I found some GreaseMonkey script which pretended to allow bypass of this "cross-domain
policy", but it didn't work.

So I'm still at the start of this seemingly simple project.  I'm currently thinking
of getting the pages with WGET, but can I pilot WGET from Javascript ? Or should
I try another language ?  Or a completely different path ?

Ideas ?

TIA,
Fabien.


Post a reply to this message

From: Invisible
Subject: Re: gathering infos from web pages
Date: 21 Nov 2007 09:08:32
Message: <47443be0$1@news.povray.org>
I would imagine you'll have endless problems trying to get round 
security issues if you try to script this from inside a web browser.

My suggestion would be to move to another programming language that has 
a HTTP library and try to do the stuff you want from there. It'll 
probably be much easier.

Obviously I recommend Haskell for this task - and, obviously, you're 
going to say no. ;-) That being the case, I'm pretty confident that Perl 
/ Python / Ruby / Tcl / any of those hackish scripting languages will 
have a library that makes this reasonably easy.


Post a reply to this message

From: Vincent Le Chevalier
Subject: Re: gathering infos from web pages
Date: 21 Nov 2007 09:11:57
Message: <47443cad$1@news.povray.org>

> So I'm still at the start of this seemingly simple project.  I'm 
> currently thinking
> of getting the pages with WGET, but can I pilot WGET from Javascript ? 
> Or should
> I try another language ?  Or a completely different path ?
> 
> Ideas ?
> 

If I had to do this, I think I would write a script outside a web page, 
in whatever language able to download files on the web (I'm sure Andrew 
will come up with something in Haskell ;-) ). Then of course this script 
could generate an HTML page as its output.

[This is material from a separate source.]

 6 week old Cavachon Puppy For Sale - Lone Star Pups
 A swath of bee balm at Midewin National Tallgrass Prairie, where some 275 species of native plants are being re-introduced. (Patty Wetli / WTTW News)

Or you could probably do such things in PHP, if you want to have it 
driven by a web page consultation.

But I'm no expert in these matters... Never done that before.

-- 
Vincent


Post a reply to this message

From: Fa3ien
Subject: Re: gathering infos from web pages
Date: 21 Nov 2007 09:26:49
Message: <47444029$1@news.povray.org>

> I would imagine you'll have endless problems trying to get round 
> security issues if you try to script this from inside a web browser.
> 
> My suggestion would be to move to another programming language that has 
> a HTTP library and try to do the stuff you want from there. It'll 
> probably be much easier.
> 
> Obviously I recommend Haskell for this task - and, obviously, you're 
> going to say no. ;-) 

How did you guess ?

> That being the case, I'm pretty confident that Perl 
> / Python / Ruby / Tcl / any of those hackish scripting languages will 
> have a library that makes this reasonably easy.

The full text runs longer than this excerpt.